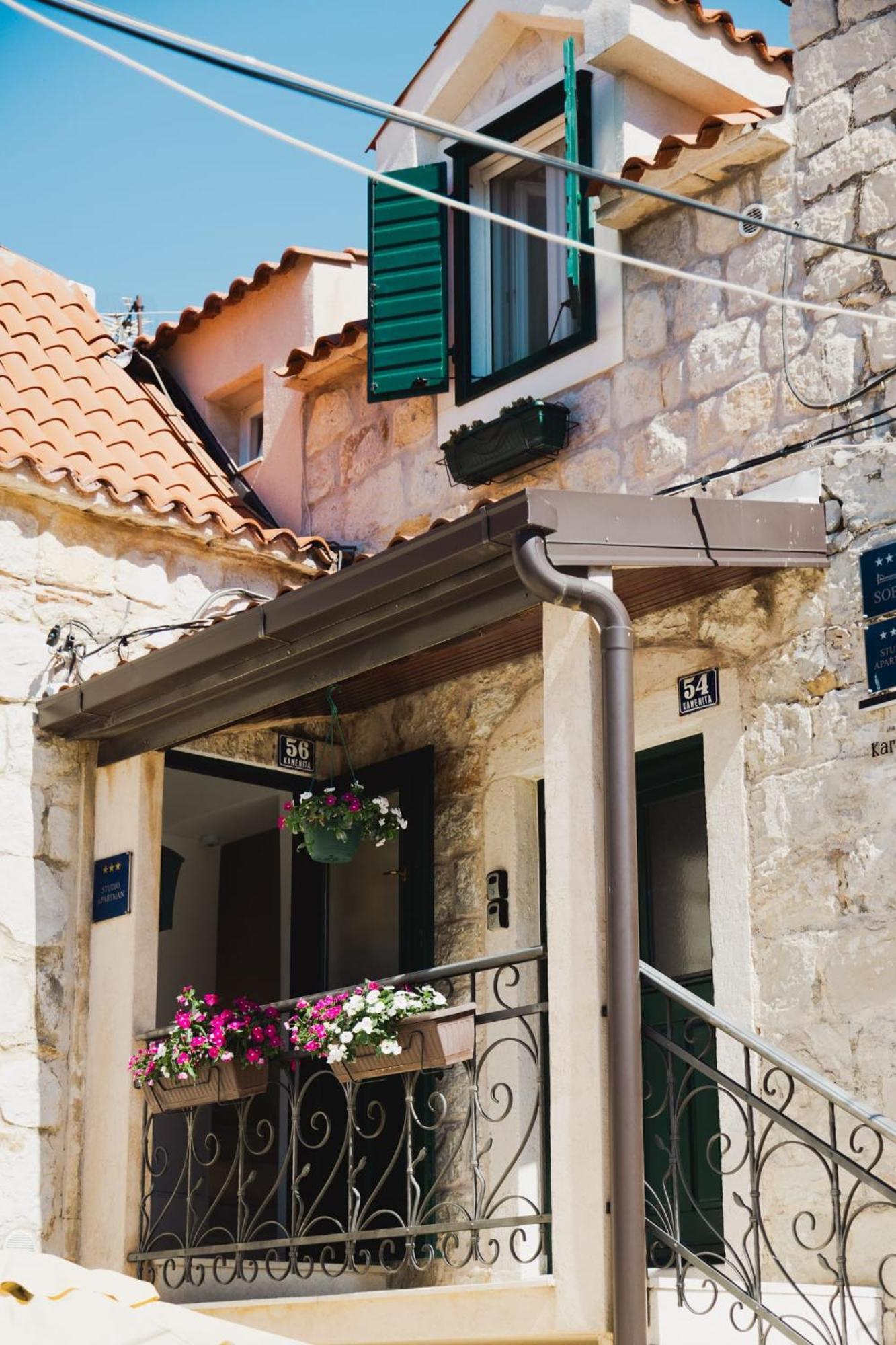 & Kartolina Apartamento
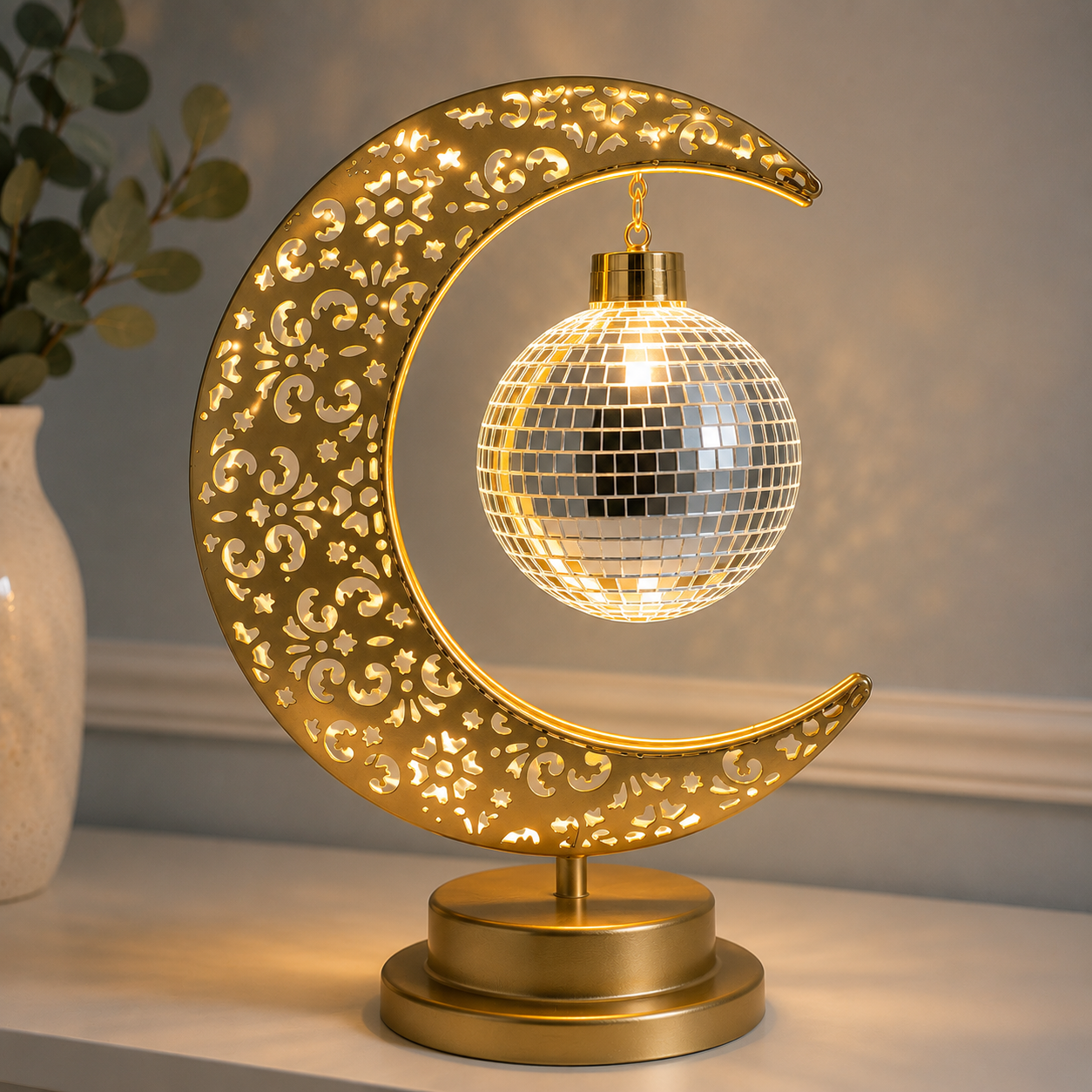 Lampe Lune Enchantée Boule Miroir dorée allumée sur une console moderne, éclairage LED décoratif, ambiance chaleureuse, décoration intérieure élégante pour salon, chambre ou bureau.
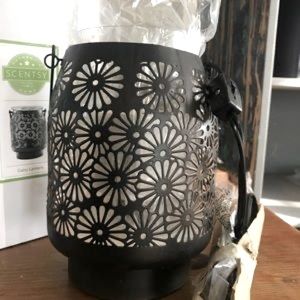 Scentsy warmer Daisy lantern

• Problem: Reproduce the listing exactly, but keep its images out of the copy.

• Task answer:
 & Kartolina Apartamento
 Lampe Lune Enchantée Boule Miroir dorée allumée sur une console moderne, éclairage LED décoratif, ambiance chaleureuse, décoration intérieure élégante pour salon, chambre ou bureau.
 Scentsy warmer Daisy lantern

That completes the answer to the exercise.